[Collected data]
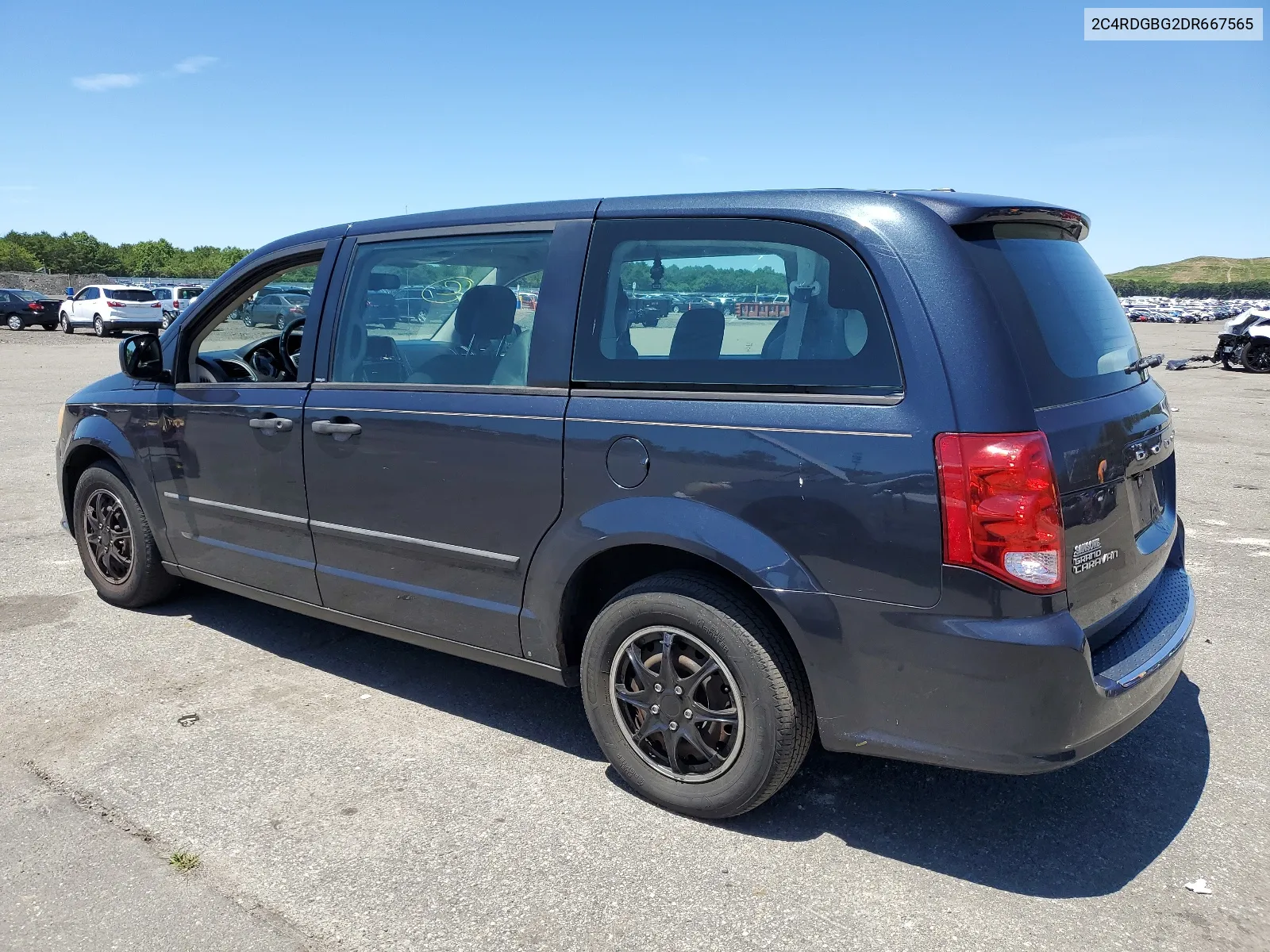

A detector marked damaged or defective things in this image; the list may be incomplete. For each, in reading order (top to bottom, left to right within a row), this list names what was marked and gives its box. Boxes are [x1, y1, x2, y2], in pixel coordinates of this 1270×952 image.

damaged vehicle [1213, 311, 1270, 374]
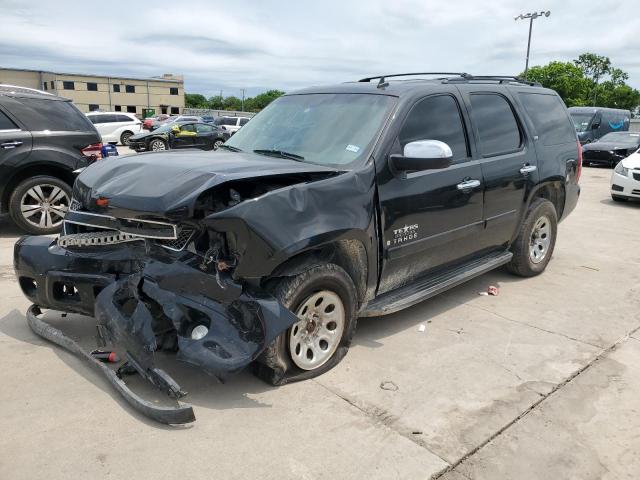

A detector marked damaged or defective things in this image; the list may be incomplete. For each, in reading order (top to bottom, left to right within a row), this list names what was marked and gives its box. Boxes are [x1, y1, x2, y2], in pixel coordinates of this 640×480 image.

detached bumper part [26, 306, 195, 426]
crushed front end [12, 202, 298, 424]
crushed bumper [15, 236, 300, 424]
torn fender [95, 258, 300, 382]
damaged black chevrolet tahoe [12, 72, 584, 424]
crack in concrete [312, 378, 452, 468]
crack in concrete [428, 322, 640, 480]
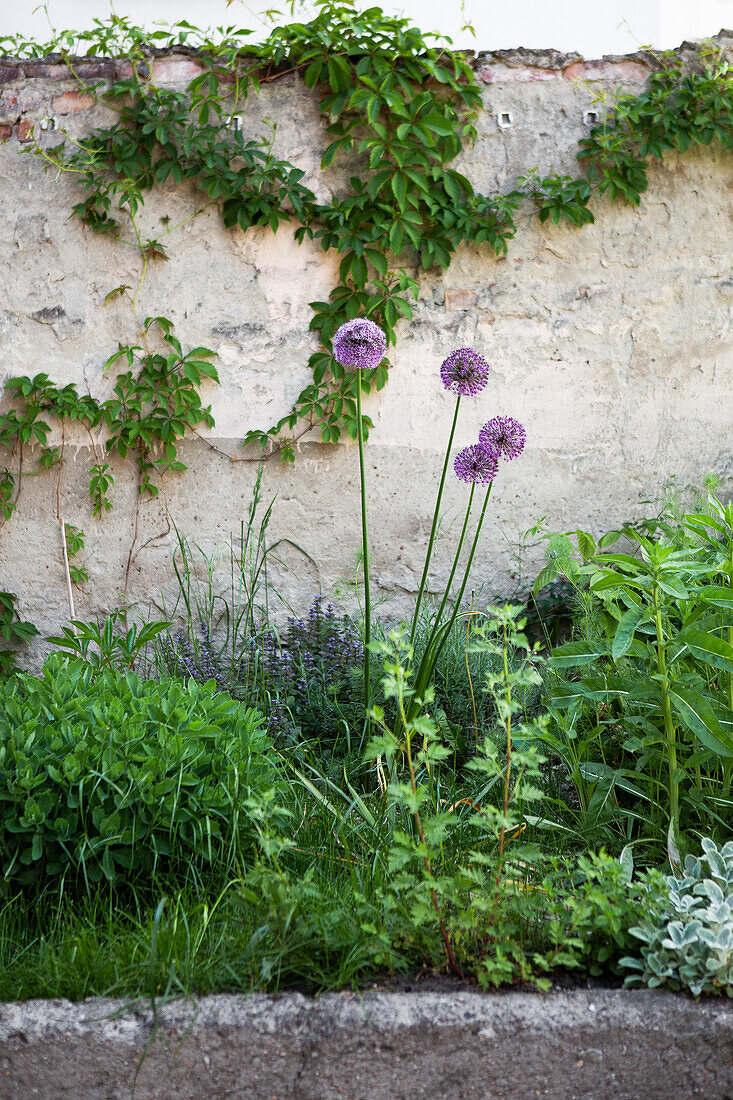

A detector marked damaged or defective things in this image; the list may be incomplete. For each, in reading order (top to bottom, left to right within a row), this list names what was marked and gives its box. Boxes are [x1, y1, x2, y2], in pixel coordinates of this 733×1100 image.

cracked plaster wall [0, 38, 726, 646]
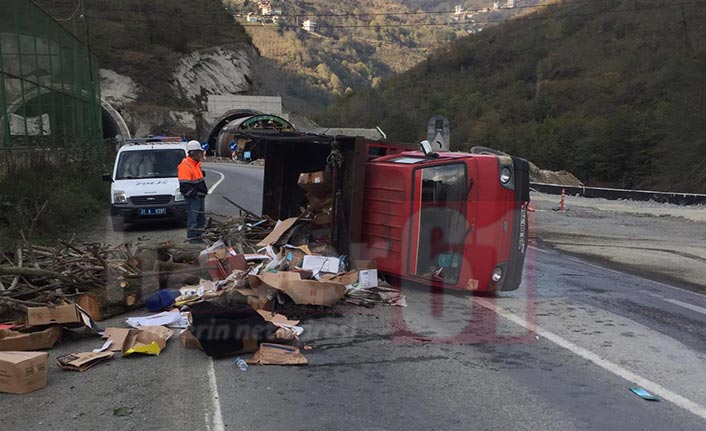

__WORK ORDER__
Print the lines from the one that contains "this 733×1100 image." through the last line of the data, exactly and in full, and no other lines. Pictures are not part of the copy.

__YOUR SOLUTION__
A detector marked damaged or defective things in this image; the list may be incomplete. For each, in reading order (top to bottom, left to right within a row), this list names what was marked and gives its box. Boxes are [x1, y1, x2, y2], in pixel coordinates of this 733×1100 image.

cracked plaster wall [0, 38, 726, 646]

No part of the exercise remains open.